DwarFS, a file system designed to reduce redundant data

Marcus Holland Moritz (a Facebook software engineer) made it known through a publication the first versions of DwarFS, a read-only file system designed to maximize compression and reduce redundant data.

This file system uses the FUSE mechanism and runs in user space, the code is written in C ++ and is distributed under the GPLv3 license.

About DwarFS

dwarfs resembles file systems like SquashFS, cramfs, and CromFS in your tasks, and can be used to create live images and reduce the size of files with a large number of duplicates and duplicate data (for example, storage of images of virtual machines or collections of different versions of programs).

In terms of speed access to data, DwarFS is roughly at the same level as SquashFS, but several times ahead of this FS in terms of compression efficiency and imaging speed.

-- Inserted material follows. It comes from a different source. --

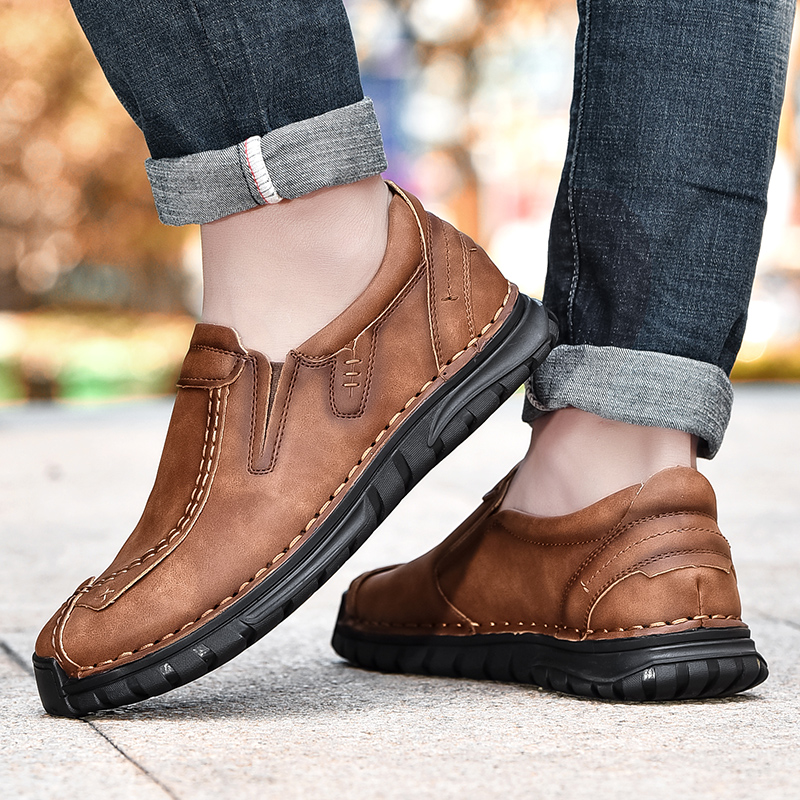 SocNoDn Luxury Men&apos;s Casual Fashion Genuine Leather Slip-ons Shoes Hiking Loafers Boots Shoes Soft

The project was developed to solve the problem of optimizing storage with different versions of Perl (the author of DwarFS participates in the maintenance of the CPAN file).

Initially, we tried to use Cromfs for compression, But it took too long to build the image and the stability left a lot to be desired. SquashFS worked stably and rendered images noticeably faster, but the level of compression was unacceptable.

Most of the DwarFS code was written in 2013. This year, the author found time to bring the code to the public and write documentation. DwarFS uses the Boost and Folly libraries.

The frozen Thrift Facebook branch library is used to store metadata. Other dependencies include FUSE3 and the lz4, zstd, and liblzma compression libraries.

DwarFS outperformed SquashFS in terms of compression rate by 8 times, and in terms of image creation speed by 4 times when creating an image that includes 1139 different Perl installations, of which there are 284 versions of Perl.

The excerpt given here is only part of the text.